Share this article on:
In a breakdown of its expenditure over the last 12 months, Medibank has revealed just how it spent almost $50 million in clean-up costs for the cyber attack it suffered back in October.
The health insurer revealed in its 2023 annual report that it spent a total of $46.4 million, almost half of which went to administrative costs.
This was the biggest expense at $22 million, followed by another $15.6 million in employee benefits expenses, $7.5 million in technological expenses, and $1.2 million in marketing.
Medibank says this fee will continue to grow in the next fiscal year by another $30 million to $35 million, citing “further IT security uplift and legal and other costs related to regulatory investigations and litigation.
“[This] excludes the impacts of any potential findings or outcomes from regulatory investigations or litigation.”
Outlining the measures it has and will continue to put in place, Medibank says that supporting its customers and helping them navigate the cyber attack and its aftermath has been the company’s main focus.
According to the health insurer, 85 per cent of their customers engaged through digital channels.
Some of the measures the organisation has already implemented include the extension of its contact centre hours, bolstering its support team by an additional 300 people, and re-engaging its phone contact and messaging channels.
From a cyber security perspective, Medibank has also introduced two-factor authentication for customers contacting its contact centre and has said it will continue to reinforce its security systems.
“We have worked really hard to regain the trust of our customers and while there is more to do, we are growing again,” said Medibank chief executive officer David Koczkar.
“To our shareholders, thank you for your ongoing support.

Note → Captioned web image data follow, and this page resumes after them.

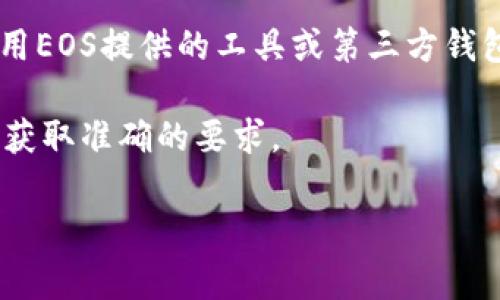 在创建EOS钱包时，不需要支付以太坊（ETH）。EOS钱包的创建通常是免费的，用户可以直接使用EOS提供的工具或第三方钱包服务。然而，注册和使用EOS通常是需要一定数量的EOS代币作为资源（如CPU和NET）的押金。

具体要求可能会根据不同的钱包服务而有所不同，因此建议查看所用钱包服务的官方信息以获取准确的要求。

如果你有其他相关问题或需要进一步的信息，欢迎随时提问！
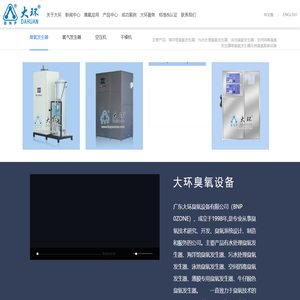 臭氧系统设计、制造-广东大环臭氧设备有限公司-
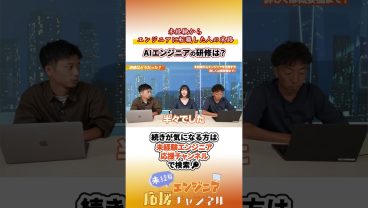 エンジニア研修なのに「半分が数学」！？他社と違うAIエンジニア育成 #エンジニア転職 #未経験エンジニア #ai #エンジニア採用 #aiエンジニア #shorts #未経験歓迎 #転職 #転職活動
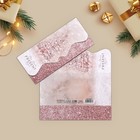Конверт для денег формовой «Подарок новогодний», 17,5 × 8 см - фото 6935170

It’s been a challenging year, but by focusing on our customers and managing our business well, momentum has returned following the cyber crime event.”
Medibank’s cyber attack occurred in October 2022, leading to hackers stealing the information of 9.7 million customers, current and former, across its Medibank, ahm, and My Home Hospital services.
The attack was credited to the Russian-backed cyber group, REvil, who claimed to have stolen 200GB worth of data after obtaining the details of a third-party provider.
“We have focused on doing what is right for our customers, our shareholders, our people and our community following the cyber crime event,” said company chair Mike Wilkins AO.
“The 2023 financial year was a difficult one for Medibank, characterised by the cyber crime event which we identified in October of 2022 and an increasing difficult economic environment.
“Notwithstanding these challenges, the company has continued to demonstrate its resilience and customer focus and delivered a solid financial result for the year.”